EXERCISE |
Return the following data exactly, with all pictures left out.
----- DATA
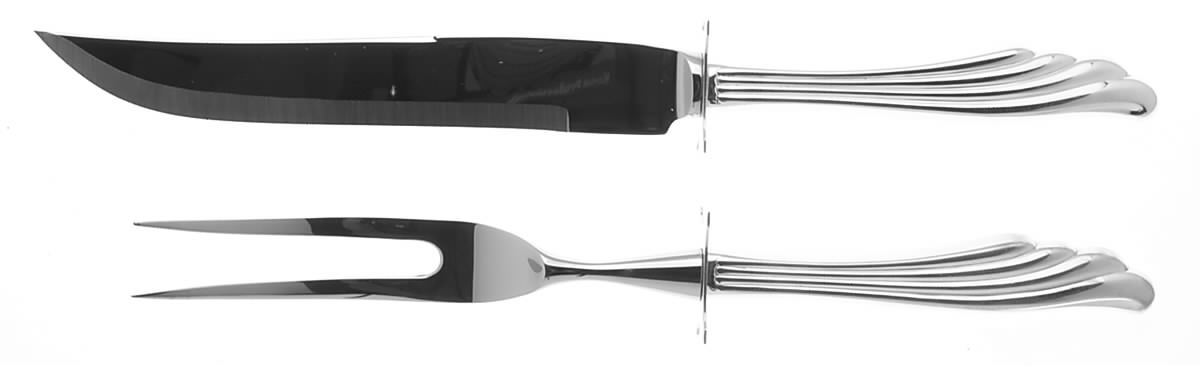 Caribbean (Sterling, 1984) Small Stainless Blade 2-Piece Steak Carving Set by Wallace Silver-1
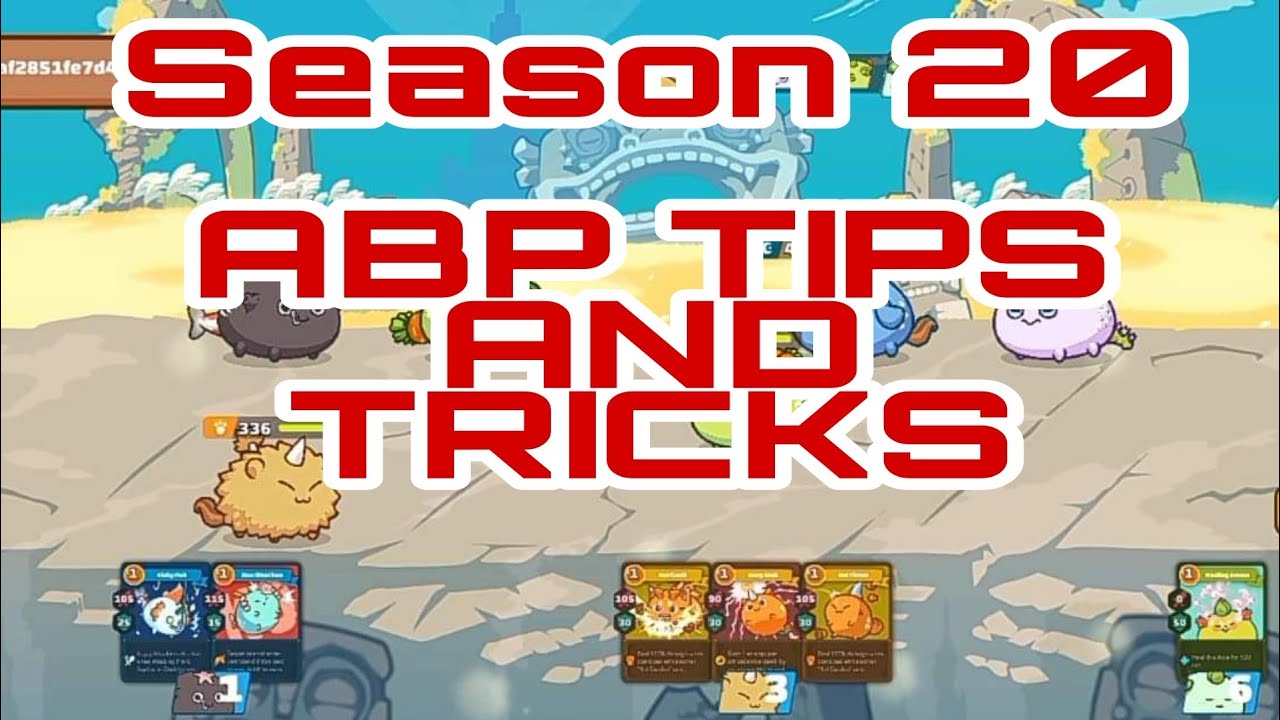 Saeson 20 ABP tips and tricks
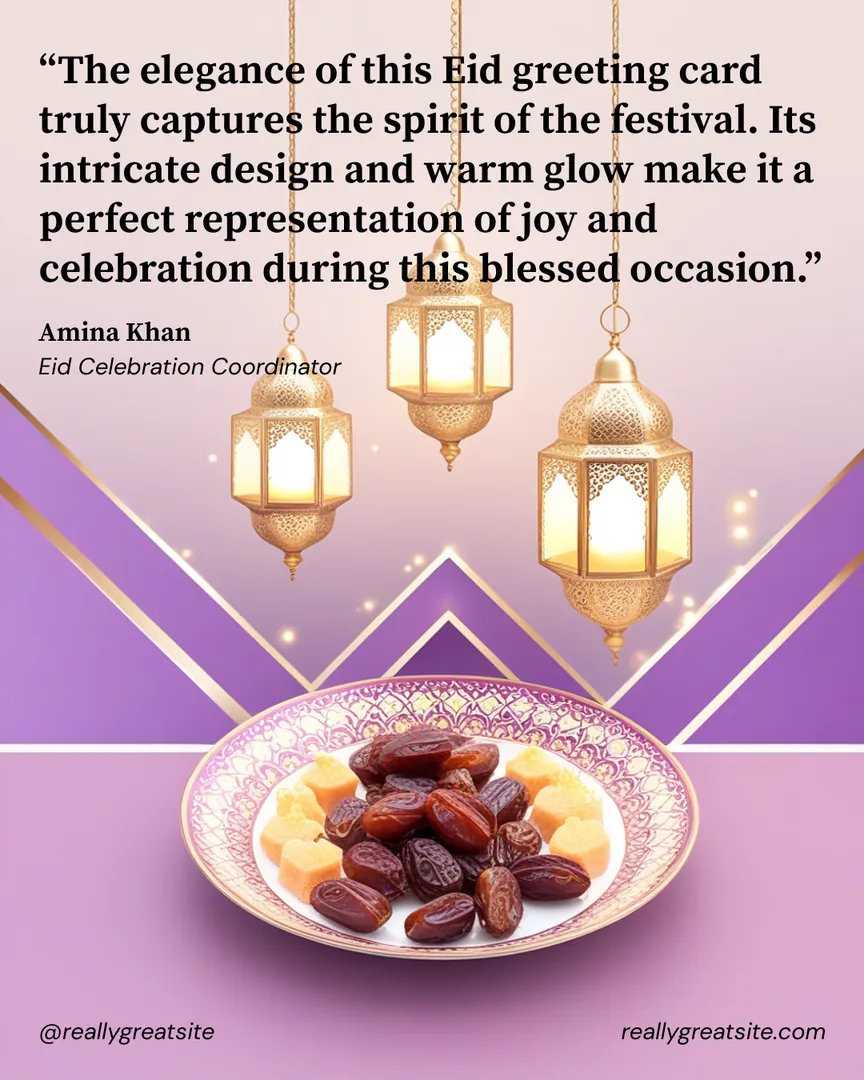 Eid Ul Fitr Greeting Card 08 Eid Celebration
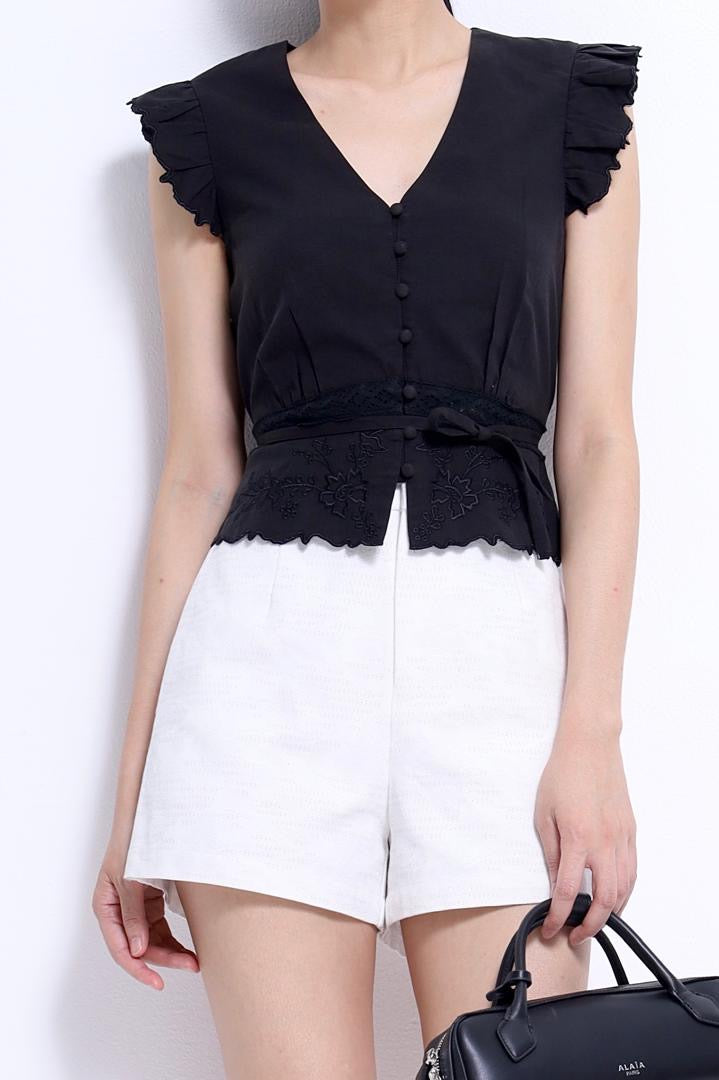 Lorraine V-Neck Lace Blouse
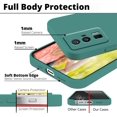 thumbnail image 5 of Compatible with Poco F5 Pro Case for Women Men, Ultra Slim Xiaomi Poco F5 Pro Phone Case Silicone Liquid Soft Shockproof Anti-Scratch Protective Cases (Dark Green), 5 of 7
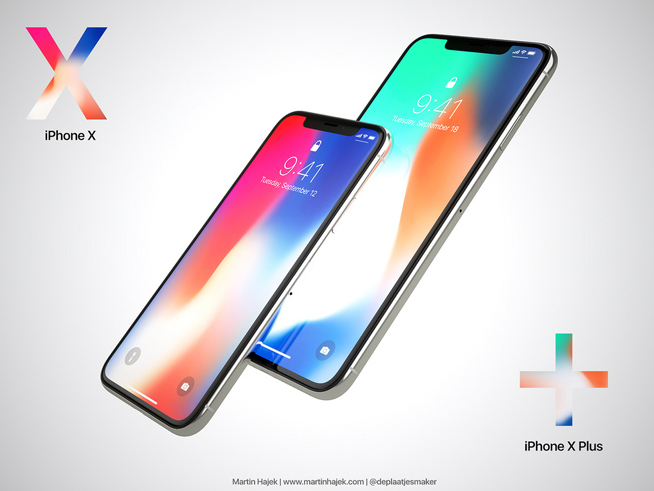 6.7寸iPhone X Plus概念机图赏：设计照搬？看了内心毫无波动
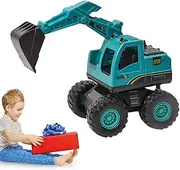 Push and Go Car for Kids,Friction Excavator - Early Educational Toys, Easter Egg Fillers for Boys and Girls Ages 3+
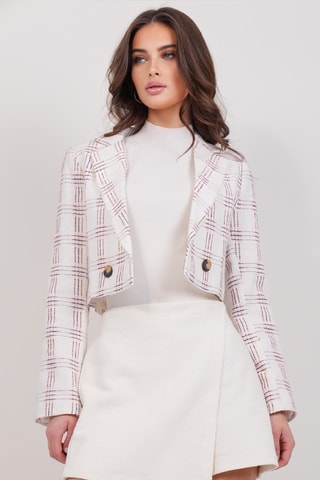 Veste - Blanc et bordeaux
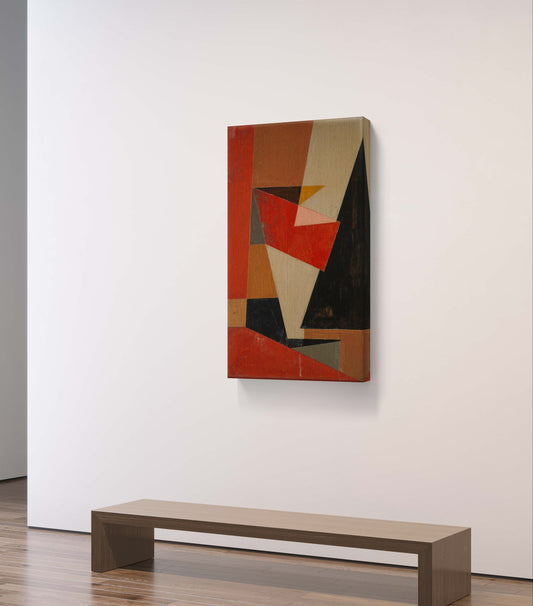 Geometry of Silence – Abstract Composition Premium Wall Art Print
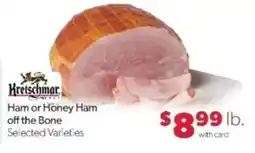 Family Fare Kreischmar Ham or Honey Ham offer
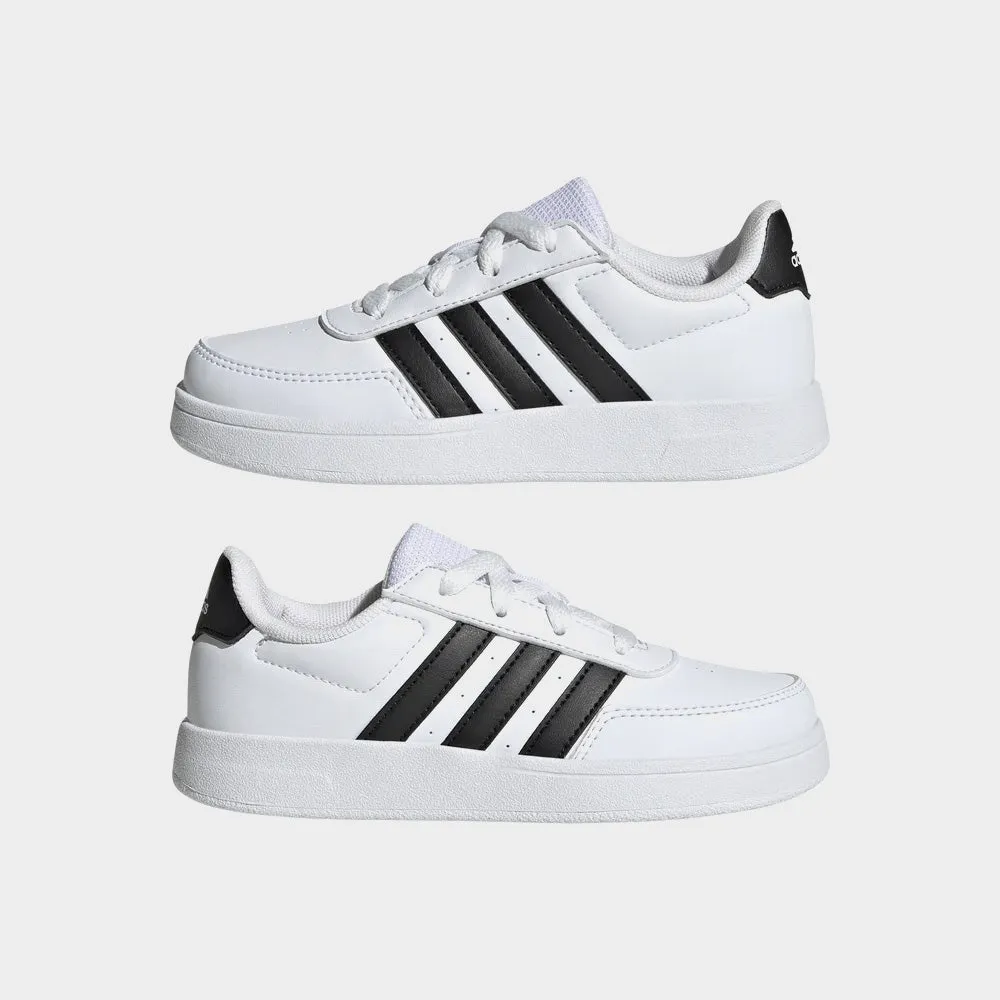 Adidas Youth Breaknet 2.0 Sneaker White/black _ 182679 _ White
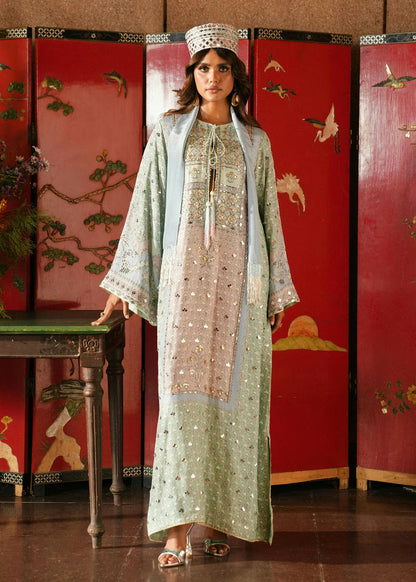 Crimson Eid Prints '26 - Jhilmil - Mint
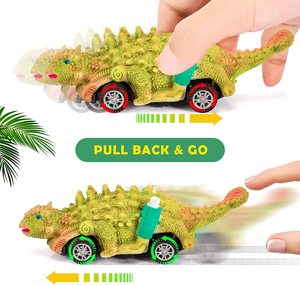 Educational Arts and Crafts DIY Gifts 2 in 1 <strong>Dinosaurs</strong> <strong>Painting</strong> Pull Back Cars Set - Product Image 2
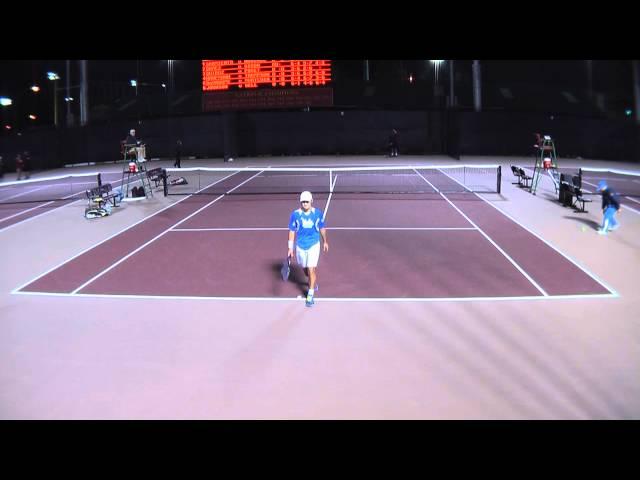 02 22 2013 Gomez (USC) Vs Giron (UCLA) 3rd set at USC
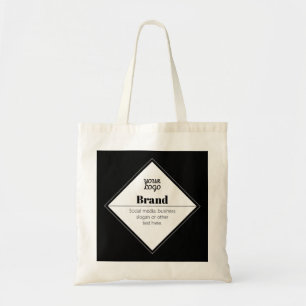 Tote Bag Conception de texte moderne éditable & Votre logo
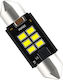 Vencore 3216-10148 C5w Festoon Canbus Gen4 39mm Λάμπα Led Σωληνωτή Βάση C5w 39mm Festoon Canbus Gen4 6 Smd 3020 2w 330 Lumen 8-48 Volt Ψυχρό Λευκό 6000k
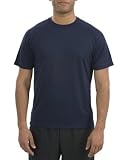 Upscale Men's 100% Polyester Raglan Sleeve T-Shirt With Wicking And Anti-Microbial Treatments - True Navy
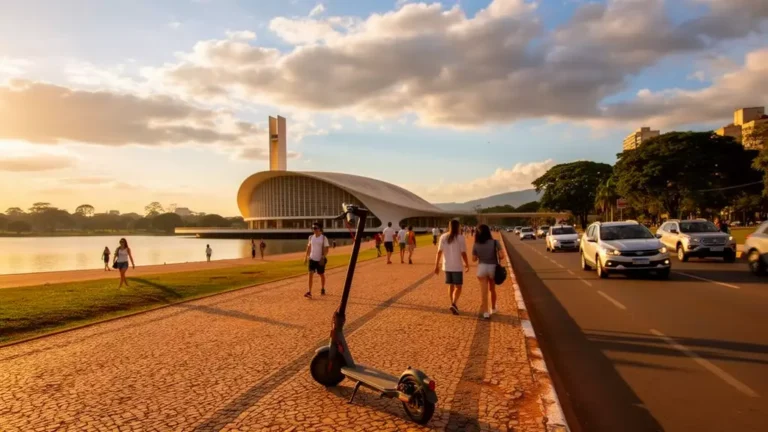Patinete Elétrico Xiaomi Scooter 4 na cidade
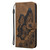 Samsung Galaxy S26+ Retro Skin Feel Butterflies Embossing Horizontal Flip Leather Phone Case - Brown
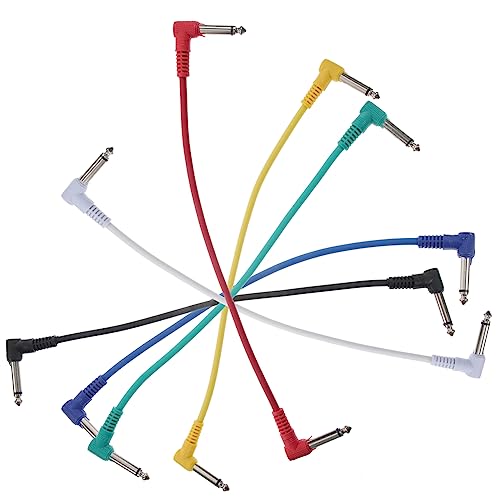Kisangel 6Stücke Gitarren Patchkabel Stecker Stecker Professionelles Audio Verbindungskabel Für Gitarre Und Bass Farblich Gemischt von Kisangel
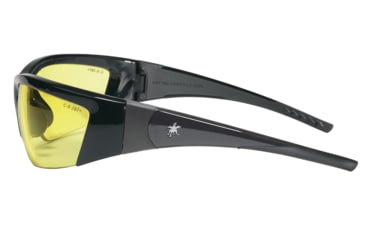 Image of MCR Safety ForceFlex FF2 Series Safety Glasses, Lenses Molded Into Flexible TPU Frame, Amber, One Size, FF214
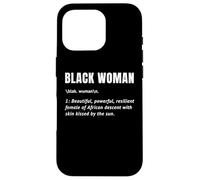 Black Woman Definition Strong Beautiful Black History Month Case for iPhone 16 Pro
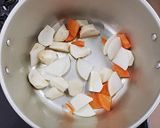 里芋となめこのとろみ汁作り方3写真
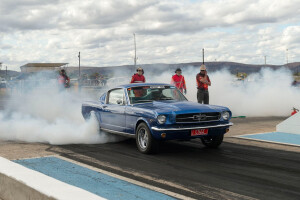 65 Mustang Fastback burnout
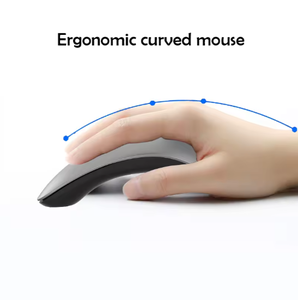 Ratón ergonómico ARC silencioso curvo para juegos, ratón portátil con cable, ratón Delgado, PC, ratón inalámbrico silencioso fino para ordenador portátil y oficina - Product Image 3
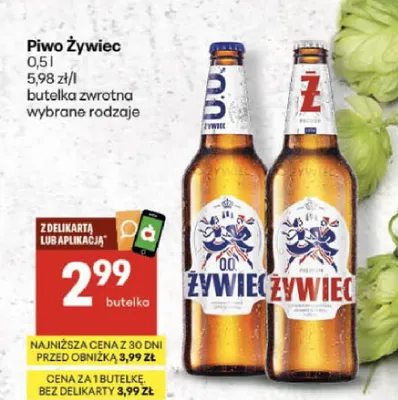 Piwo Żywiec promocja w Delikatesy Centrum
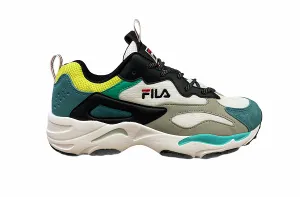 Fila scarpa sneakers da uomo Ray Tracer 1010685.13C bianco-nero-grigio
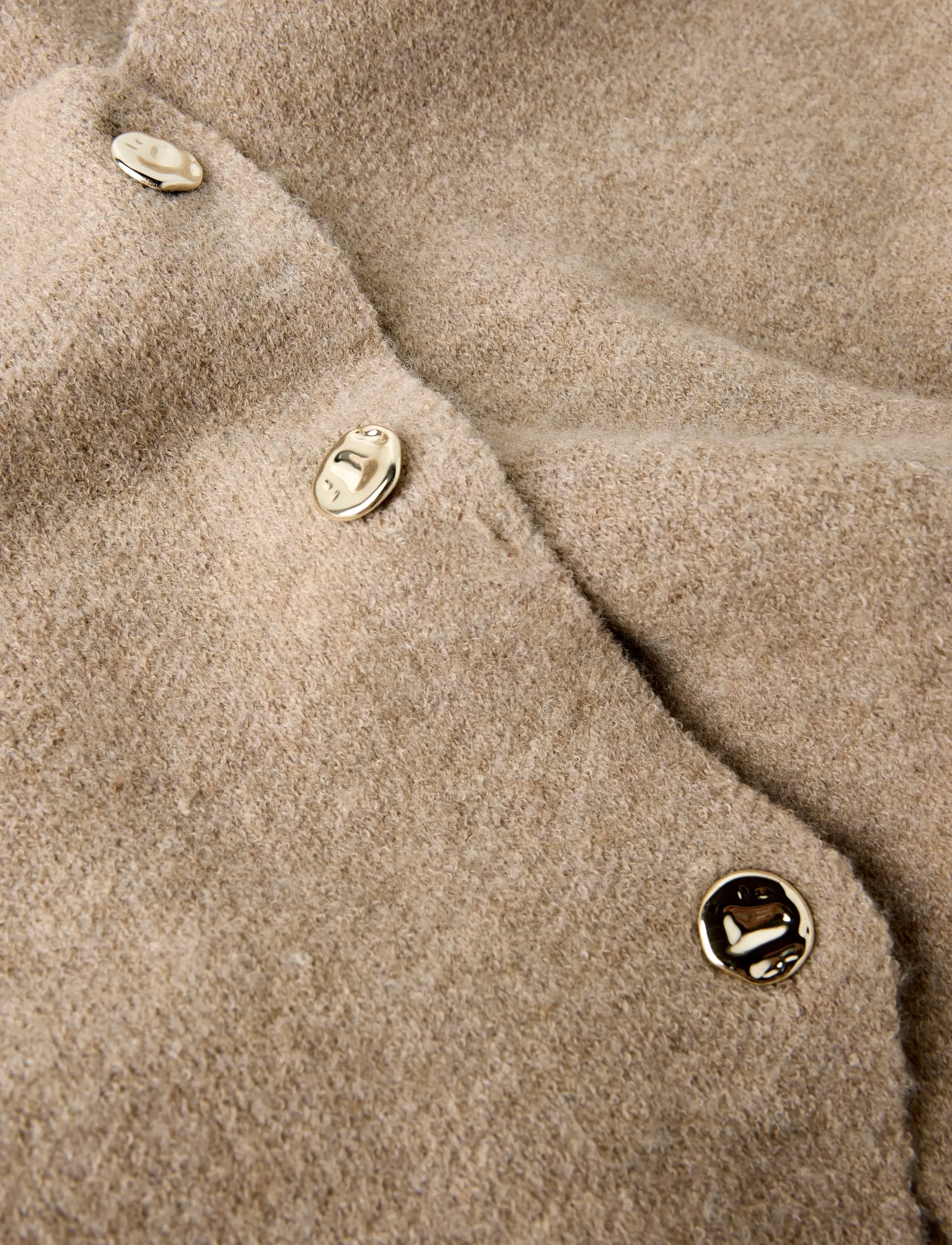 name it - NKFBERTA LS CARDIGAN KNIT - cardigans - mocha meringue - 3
----------
WRITTEN SOLUTION |
 Caribbean (Sterling, 1984) Small Stainless Blade 2-Piece Steak Carving Set by Wallace Silver-1
 Saeson 20 ABP tips and tricks
 Eid Ul Fitr Greeting Card 08 Eid Celebration
 Lorraine V-Neck Lace Blouse
 thumbnail image 5 of Compatible with Poco F5 Pro Case for Women Men, Ultra Slim Xiaomi Poco F5 Pro Phone Case Silicone Liquid Soft Shockproof Anti-Scratch Protective Cases (Dark Green), 5 of 7
 6.7寸iPhone X Plus概念机图赏：设计照搬？看了内心毫无波动
 Push and Go Car for Kids,Friction Excavator - Early Educational Toys, Easter Egg Fillers for Boys and Girls Ages 3+
 Veste - Blanc et bordeaux
 Geometry of Silence – Abstract Composition Premium Wall Art Print
 Family Fare Kreischmar Ham or Honey Ham offer
 Adidas Youth Breaknet 2.0 Sneaker White/black _ 182679 _ White
 Crimson Eid Prints '26 - Jhilmil - Mint
 Educational Arts and Crafts DIY Gifts 2 in 1 <strong>Dinosaurs</strong> <strong>Painting</strong> Pull Back Cars Set - Product Image 2
 02 22 2013 Gomez (USC) Vs Giron (UCLA) 3rd set at USC
 Tote Bag Conception de texte moderne éditable & Votre logo
 Vencore 3216-10148 C5w Festoon Canbus Gen4 39mm Λάμπα Led Σωληνωτή Βάση C5w 39mm Festoon Canbus Gen4 6 Smd 3020 2w 330 Lumen 8-48 Volt Ψυχρό Λευκό 6000k
 Upscale Men's 100% Polyester Raglan Sleeve T-Shirt With Wicking And Anti-Microbial Treatments - True Navy
Patinete Elétrico Xiaomi Scooter 4 na cidade
 Samsung Galaxy S26+ Retro Skin Feel Butterflies Embossing Horizontal Flip Leather Phone Case - Brown
Kisangel 6Stücke Gitarren Patchkabel Stecker Stecker Professionelles Audio Verbindungskabel Für Gitarre Und Bass Farblich Gemischt von Kisangel
 Image of MCR Safety ForceFlex FF2 Series Safety Glasses, Lenses Molded Into Flexible TPU Frame, Amber, One Size, FF214
 Black Woman Definition Strong Beautiful Black History Month Case for iPhone 16 Pro
 里芋となめこのとろみ汁作り方3写真
 65 Mustang Fastback burnout
 Ratón ergonómico ARC silencioso curvo para juegos, ratón portátil con cable, ratón Delgado, PC, ratón inalámbrico silencioso fino para ordenador portátil y oficina - Product Image 3
 Piwo Żywiec promocja w Delikatesy Centrum
 Fila scarpa sneakers da uomo Ray Tracer 1010685.13C bianco-nero-grigio
 name it - NKFBERTA LS CARDIGAN KNIT - cardigans - mocha meringue - 3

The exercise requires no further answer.